Wrongful trading focuses on insolvency and can lead to disqualification and personal contribution orders. Fraudulent trading involves dishonesty and carries criminal sanctions such as imprisonment and fines.
What are the potential consequences for directors who engage in wrongful trading?
Directors found liable for wrongful trading may be ordered by the court to contribute to the assets of the company, increasing the funds available for distribution to creditors. The court also has the discretion to make a disqualification order against them.
What is wrongful trading and who can bring a claim for it?
- The claim can be brought against any person who was at the relevant time a director.
- The court must be satisfied that at some time before the commencement of the winding up or insolvent administration, the director knew or ought to have concluded that there was no reasonable prospect that the company would avoid going into insolvent liquidation (or insolvent administration)
- The court applies the reasonably diligent person test under s 214(4) / 246ZB(4) to what the director ought to have known.
What is the effect of s 245(2) in relation to the validity of a floating charge?
Section 245(2) states that if a floating charge is granted to secure the repayment of a new loan made on or after the creation of the charge, then it will be considered valid.
Under what circumstances can a director be relieved from liability in proceedings for negligence, breach of duty, or breach of trust?
A director may be relieved from liability if the court is satisfied that they acted honestly and reasonably and that, considering all the circumstances, it would be fair to excuse them from liability. However, relief is not available in wrongful trading proceedings.

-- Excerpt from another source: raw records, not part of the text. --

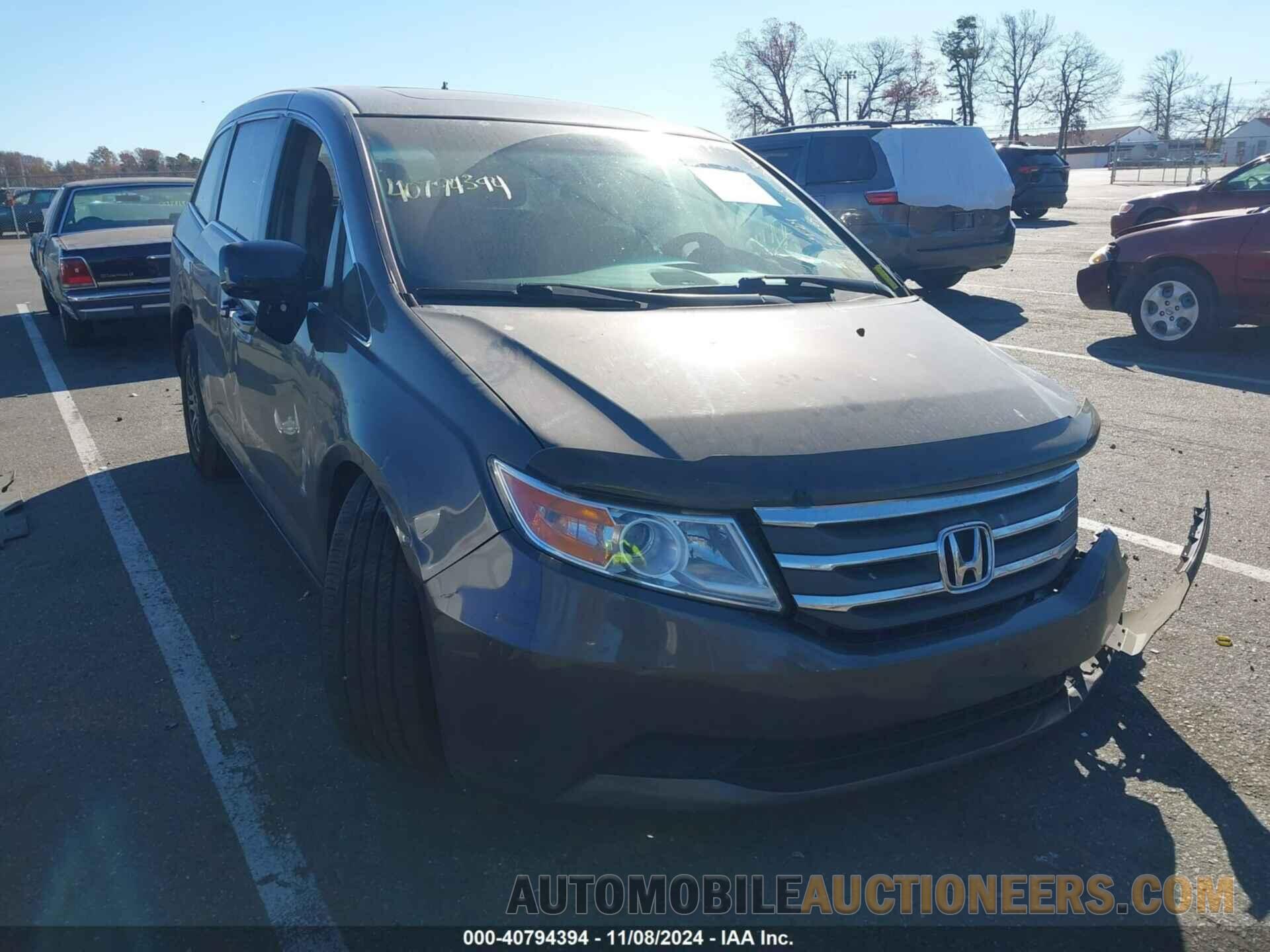 5FNRL5H61BB011453 HONDA ODYSSEY 2011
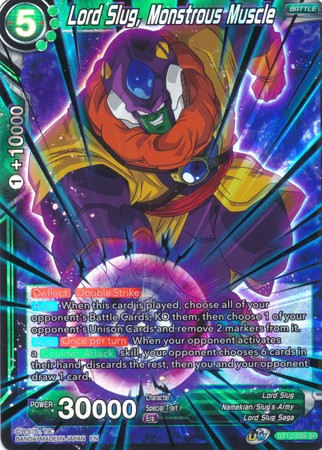 Lord Slug, Monstrous Muscle [BT12-059] | Nerdhalla Games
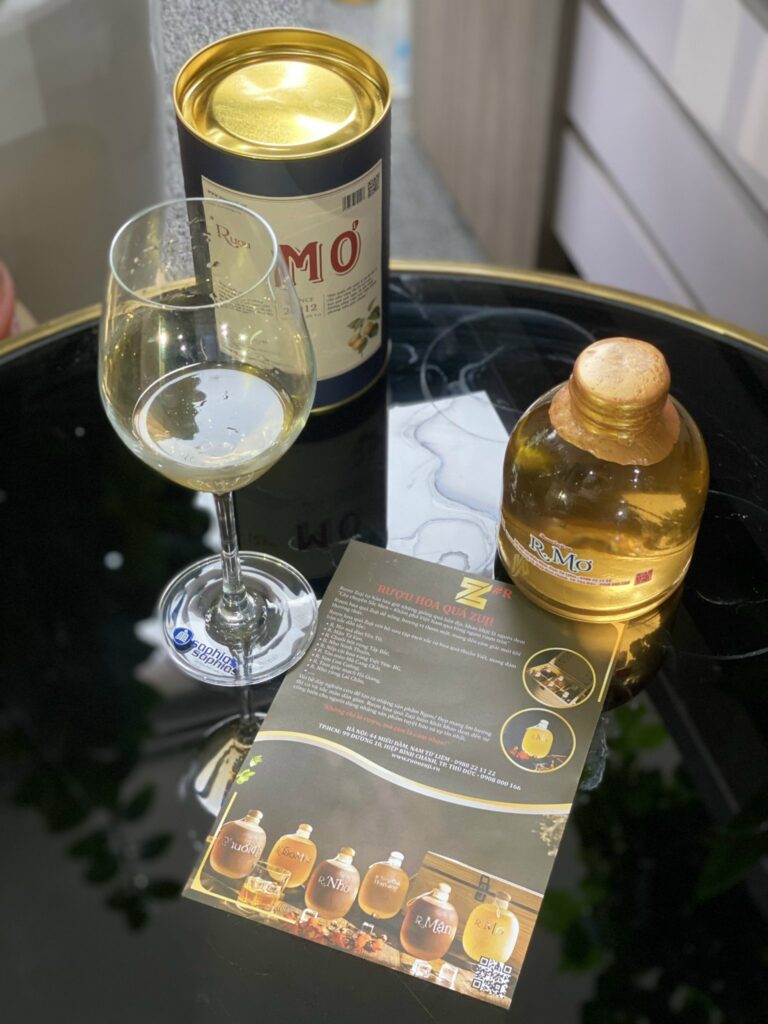 Rượu hoa quả Zuji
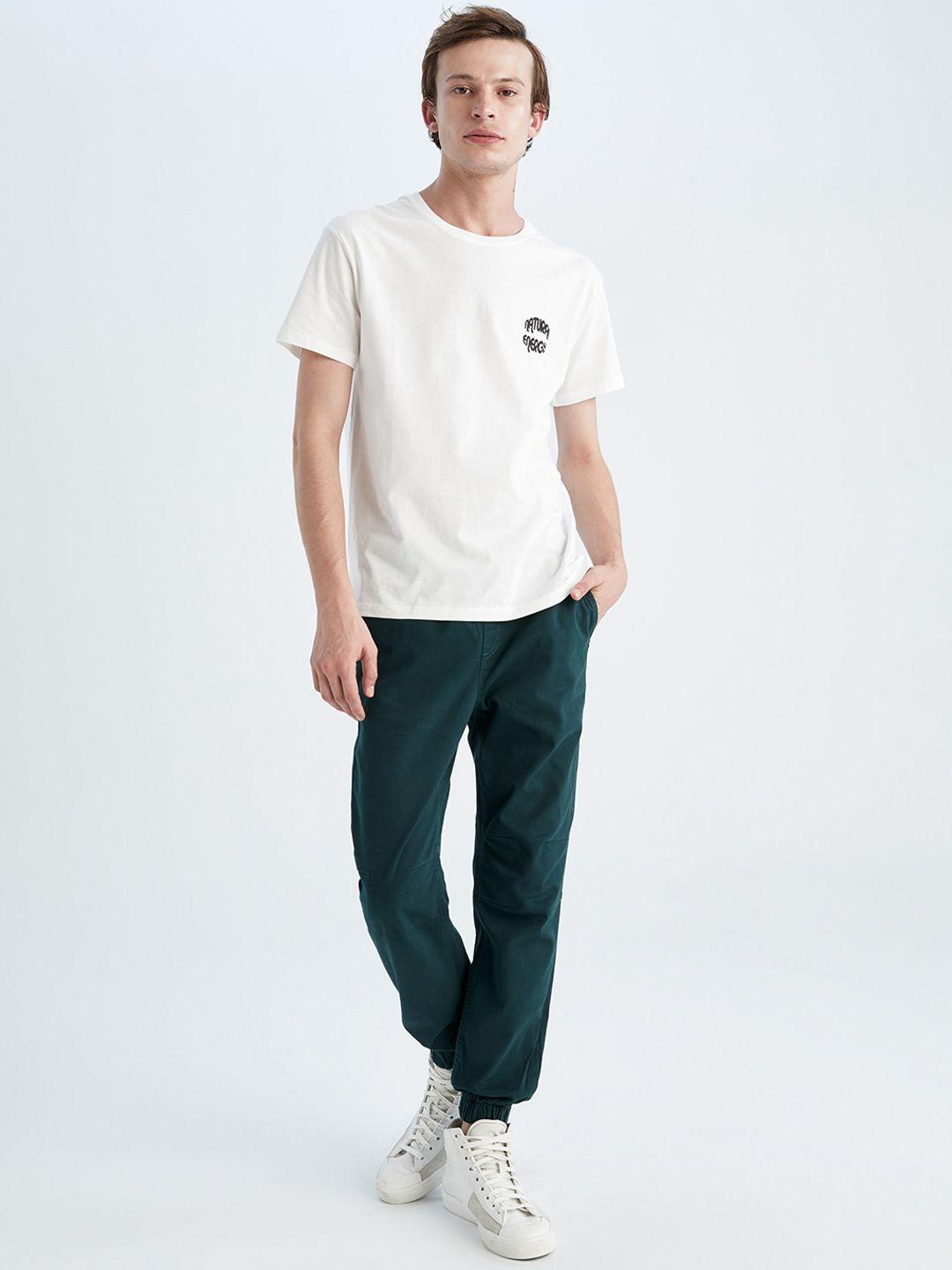 defacto men plain joggers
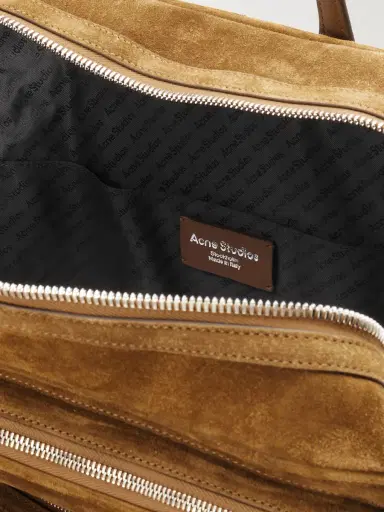 Acne Studios Camero Gym Suede Backpack - Men | Thumbnail 6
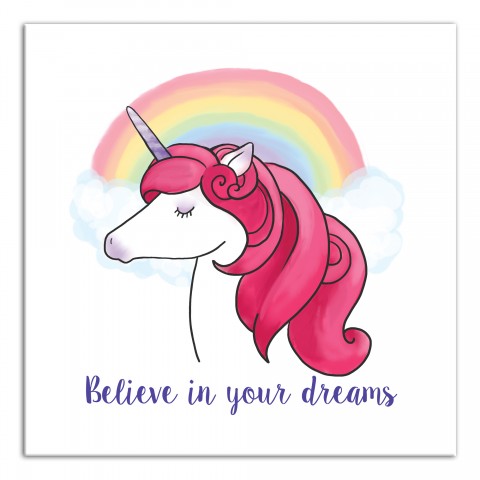 Unicorn Dreams Wall Art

Who can be held personally liable for wrongful trading?
Any person who was at the relevant time a director of the company can be held liable for wrongful trading, including shadow directors, de facto and non-executive directors.
What is the purpose of s 239 IA 1986 and who may bring a claim under this section?
Section 239 aims to prevent a creditor from obtaining an improper advantage over other creditors by giving a preference. Claims under this section can be brought by a liquidator or an administrator.
How does the court determine whether a director has taken every step to minimize loss to creditors in wrongful trading cases?
The court applies an objective test based on the general knowledge, skill, and experience expected of a person carrying out the same functions as the director. It also considers the actual knowledge, skill, and experience of the particular director.
What are some potential warning signs that may prompt a director to conclude that there is no reasonable prospect of avoiding insolvent liquidation?
Struggling to meet deadlines for debts, insufficient assets, high liabilities and overheads, and increased creditor pressure are all potential warning signs.
What evidence can demonstrate that a director took every step to minimize loss to creditors in wrongful trading cases?
Raising concerns in meetings, seeking independent financial and legal advice, ensuring up-to-date financial information is available, and implementing cost-cutting measures are examples of evidence that a director acted diligently.
What is the ‘every step’ defense in wrongful trading?
The ‘every step’ defense allows a director to escape liability if they can satisfy the court that, after they first knew or ought to have concluded that there was no reasonable prospect of avoiding an insolvent administration or liquidation, they took every step with a view to minimizing potential losses to the company’s creditors.
What is the difference between claims under s 238 and s 423 IA 1986?
Claims under s 238 relate to transactions at an undervalue in insolvency situations, while claims under s 423 can be brought by a victim of the transaction even when the company is solvent
Who can bring a claim to set aside a transaction at an undervalue?
A liquidator or administrator can bring a claim to set aside a transaction at an undervalue.